Replies from: Baughn
comment by Baughn · 2015-09-11T13:07:44.259Z · LW(p) · GW(p)

(E.g., the trimean will have a better breakdown point but be less efficient than the mean; a worse breakdown point but more efficient than the median.)

What does "efficient" mean, in this context? Time to calculate would be my first guess, but the median should be faster to calculate than the trimean.

Replies from: gjm
comment by gjm · 2015-09-11T14:13:20.436Z · LW(p) · GW(p)

See here.

[EDITED to add:] Sorry, that's a bit rude; I should also give a brief explanation here.

Any estimator will be noisy. All else being equal, you would prefer one with less noise. There is a thing called the Cramér-Rao inequality that gives a lower bound on how noisy an estimator can be, as measured by its variance. (But see the note below.)

The efficiency of an estimator is the ratio between its variance and the bound given by Cramér-Rao. An estimator whose efficiency is 1 has as little variance as any estimator can have. (Such estimators need not exist.) Noisier estimators have lower efficiency.
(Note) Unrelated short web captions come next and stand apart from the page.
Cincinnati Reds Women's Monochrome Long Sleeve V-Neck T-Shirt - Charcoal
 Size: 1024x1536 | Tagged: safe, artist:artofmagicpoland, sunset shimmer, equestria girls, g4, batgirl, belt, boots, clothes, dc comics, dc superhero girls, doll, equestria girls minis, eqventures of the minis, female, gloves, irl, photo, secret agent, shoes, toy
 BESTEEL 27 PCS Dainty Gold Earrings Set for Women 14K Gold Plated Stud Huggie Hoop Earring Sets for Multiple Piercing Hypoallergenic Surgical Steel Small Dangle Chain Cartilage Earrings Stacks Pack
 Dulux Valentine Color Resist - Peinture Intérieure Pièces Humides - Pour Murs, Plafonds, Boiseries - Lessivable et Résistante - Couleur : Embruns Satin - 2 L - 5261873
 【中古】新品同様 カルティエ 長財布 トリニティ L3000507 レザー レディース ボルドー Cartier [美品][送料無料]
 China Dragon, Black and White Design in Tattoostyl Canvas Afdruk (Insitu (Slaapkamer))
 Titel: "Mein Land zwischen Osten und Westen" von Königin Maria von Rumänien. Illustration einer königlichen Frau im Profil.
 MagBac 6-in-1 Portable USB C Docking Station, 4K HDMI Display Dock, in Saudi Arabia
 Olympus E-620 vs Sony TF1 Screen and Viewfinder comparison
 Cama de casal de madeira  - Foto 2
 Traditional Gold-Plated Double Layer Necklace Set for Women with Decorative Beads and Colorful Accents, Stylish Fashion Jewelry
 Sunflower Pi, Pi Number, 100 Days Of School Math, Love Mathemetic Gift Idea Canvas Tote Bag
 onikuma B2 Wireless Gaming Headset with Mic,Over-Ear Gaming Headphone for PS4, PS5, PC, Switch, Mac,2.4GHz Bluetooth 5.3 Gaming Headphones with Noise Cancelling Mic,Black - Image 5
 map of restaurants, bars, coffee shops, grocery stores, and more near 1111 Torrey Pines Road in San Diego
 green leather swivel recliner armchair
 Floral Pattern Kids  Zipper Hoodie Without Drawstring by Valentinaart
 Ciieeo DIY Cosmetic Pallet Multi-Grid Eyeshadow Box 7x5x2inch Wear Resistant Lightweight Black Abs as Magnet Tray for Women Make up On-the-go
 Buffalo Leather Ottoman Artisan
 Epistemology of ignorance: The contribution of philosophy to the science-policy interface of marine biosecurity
Efficiency depends on the underlying distribution. I shouldn't really have said that the mean will be more efficient than the median; if the underlying distribution is thin-tailed enough then it will be; e.g., for large samples of normally distributed data the mean has efficiency 1 while the median has efficiency about 0.64. But if the actual distribution is fat-tailed, the median may actually be a more efficient estimator than the mean.

(Note: You might notice that I said something obviously false above. It's trivial to make a completely un-noisy, zero-variance estimator of any parameter: just always estimate zero. But this will be a biased estimator; i.e., its expectation will not equal the underlying value it's meant to be estimating. The Cramér-Rao inequality only applies to unbiased estimators. In some cases, for some applications, the "best" estimator may actually be a biased but less noisy one. For instance, suppose you have some samples of a normally-distributed random variable and you want to estimate its variance. The "obvious" thing to do is to compute 1/n sum(x-xbar)^2. That gives you an unbiased estimator but, famously, you can get rid of the bias by computing 1/(n-1) sum (x-xbar)^2 instead. But if you want to minimize your mean squared error -- i.e., minimize the expectation of (est. variance - actual variance)^2 -- then what you want is neither of those, but instead 1/(n+1) sum (x-xbar)^2.)

[EDITED again to add:] Er, I should add that everything above is addressing the situation where you have some samples of a random variable and want to estimate its location parameter. Stuart is actually considering something a bit different, where you actually know the random variable itself and want a representative location parameter that may or may not be the mean, in order to make comparisons between different random variables by computing that parameter for each and comparing. So this is of doubtful relevance to the OP.